Legendary women's basketball coach Carol Callan ready to help "get girls in the game"
Girls hoops is hot. Women's basketball -- both professional and college -- is scoring record viewership. But before Caitlin Clark and other superstars, Colorado's own star was born: Carol Callan.
"Well my dad was a basketball coach. I had an older brother and I lived in a neighborhood of all boys. We played all the time in the neighborhood out in the street," she said.
Callan dreamed of gold from a young age.
"There was no way I was going to the Olympics as an athlete, but I found another way," she said.

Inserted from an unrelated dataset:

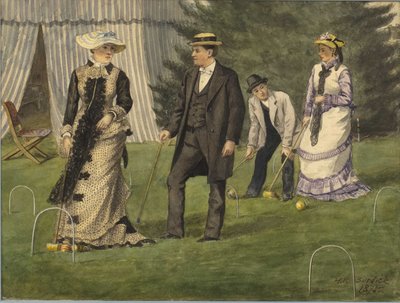 A krokett játék, 1875. alkotó: Horace Robbin Burdick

In 1985, Callan joined the sidelines as a coach. She led Boulder's Fairview Knights girls basketball team to a high school state title. Her coaching career catapulted from there. Ten years later she was named the director of the women's basketball national team.
For 26 years Callan coached the program to seven Olympic gold medals and five of the past six World Cup golds.
"It's not just 'Throw 12 wonderful athletes together,'" she said. "They have to build it, and I think maybe the building of all that is what I'm most proud of."
Callan has moved on from coaching, but her legacy lives on. She is in the Sportswomen of Colorado Hall of Fame, the Women's Basketball Hall of Fame, and is the first female president of FIBA Americas, the worldwide governing body of basketball.
These days, Callan hopes that with her life story she can still help the next generation of young girls.
"What is it that you can do, even though you aren't an athlete, and to be able to encourage girls?" she said.
Callan is a representative from one of more than 25 sports organizations, teams and others who will be featured during CBS Colorado's Girls in the Game on Saturday. It will be held on the DU campus. Romi Bean hosts the event, which is designed to encourage, inspire and empower girls to consider careers in sports on and off the field.